An introduction to the colorful U.K. comedy of What We Do In The Shadows star Matt Berry
Matt Berry’s no stranger to TV, but his starring turn in FX’s What We Do In The Shadows marks the British comedian’s biggest stateside role to date. As Laszlo, Berry elaborates upon the playboy vampire trope Jemaine Clement toyed with as the original film’s Vladislav. Where Clement is silken, though, Berry is bold, his booming baritone conveying a regality that clashes hilariously with his baser, more profane tendencies. As he’s proven time and again throughout his career, Berry also plays well with others, with our own Danette Chavez praising his chemistry with co-stars Natasia Demetriou and Kayvan Novak as “enviable; no matter what the configuration, the results are gut-busting.”

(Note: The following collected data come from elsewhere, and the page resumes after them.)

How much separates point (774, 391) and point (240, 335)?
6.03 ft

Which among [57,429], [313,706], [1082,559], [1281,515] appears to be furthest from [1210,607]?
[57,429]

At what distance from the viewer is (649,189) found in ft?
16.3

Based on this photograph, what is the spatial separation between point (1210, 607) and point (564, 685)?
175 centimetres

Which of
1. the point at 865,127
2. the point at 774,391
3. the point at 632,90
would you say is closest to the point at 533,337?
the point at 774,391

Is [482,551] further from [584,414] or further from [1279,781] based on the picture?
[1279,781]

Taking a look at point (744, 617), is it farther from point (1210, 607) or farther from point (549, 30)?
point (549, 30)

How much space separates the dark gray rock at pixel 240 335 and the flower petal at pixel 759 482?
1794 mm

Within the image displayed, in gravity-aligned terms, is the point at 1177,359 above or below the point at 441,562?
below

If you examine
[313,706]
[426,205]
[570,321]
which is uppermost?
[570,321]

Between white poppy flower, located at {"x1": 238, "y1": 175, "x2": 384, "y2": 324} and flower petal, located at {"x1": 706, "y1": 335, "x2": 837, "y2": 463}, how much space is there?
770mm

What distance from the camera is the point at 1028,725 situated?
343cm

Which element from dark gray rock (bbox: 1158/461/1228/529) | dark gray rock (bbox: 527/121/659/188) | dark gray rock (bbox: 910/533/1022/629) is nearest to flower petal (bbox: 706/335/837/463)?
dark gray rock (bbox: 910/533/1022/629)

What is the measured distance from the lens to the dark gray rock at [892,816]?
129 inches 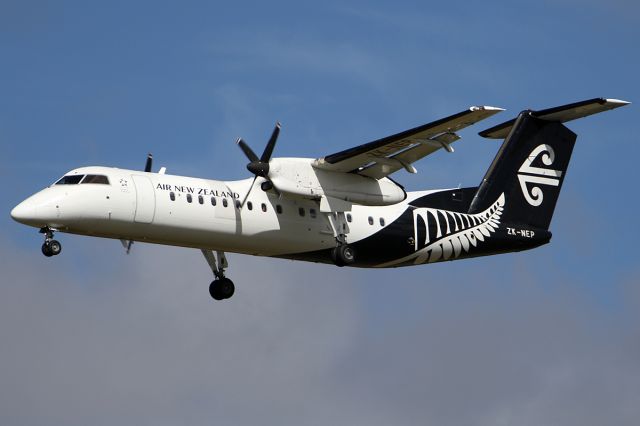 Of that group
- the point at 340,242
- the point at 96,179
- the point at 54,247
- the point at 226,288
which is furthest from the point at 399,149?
the point at 54,247

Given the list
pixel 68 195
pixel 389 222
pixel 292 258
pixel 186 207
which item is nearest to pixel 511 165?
pixel 389 222

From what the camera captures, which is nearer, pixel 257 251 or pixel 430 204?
pixel 257 251

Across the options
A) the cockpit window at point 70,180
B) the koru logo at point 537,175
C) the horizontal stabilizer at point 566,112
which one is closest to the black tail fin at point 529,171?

Truly, Berry was born in the wrong century, as his cadence and princely mane lend themselves to the open-air stages of the Elizabethan era. He’s made it work for him, however, developing a style that bends his theatrical air to both the highest and lowest brows of U.K. comedy. His career contains multitudes—The IT Crowd, Disenchantment, Duncan Jones’ Moon—but, as a treat on the heels of last night’s premiere, we’re here to share a few of our favorite Berry performances.
Toast Of London
Toast Of London’s pilot debuted in August of 2012, and its three subsequent seasons have seen Berry’s Steven Toast spiral deeper and deeper into the show’s breakneck blend of wit, absurdity, and industry satire. Toast, an ailing, middle-aged actor, tumbles through what feels like six or seven storylines in every 23-minute episode, his sprint towards fame often resulting in financial ruin, humiliation, and, in so, so many cases, actual death. Berry’s hifalutin countenance is used against Toast here, situating the actor as an out-of-time fool in an industry run by hipsters, including the suave, recording engineer Clem Fandango (Shazad Latif). Jon Hamm and Queens Of The Stone Age’s Josh Homme have made random, hilarious cameos, while legendary composer Andrew Lloyd Webber is portrayed as an underhanded heavy.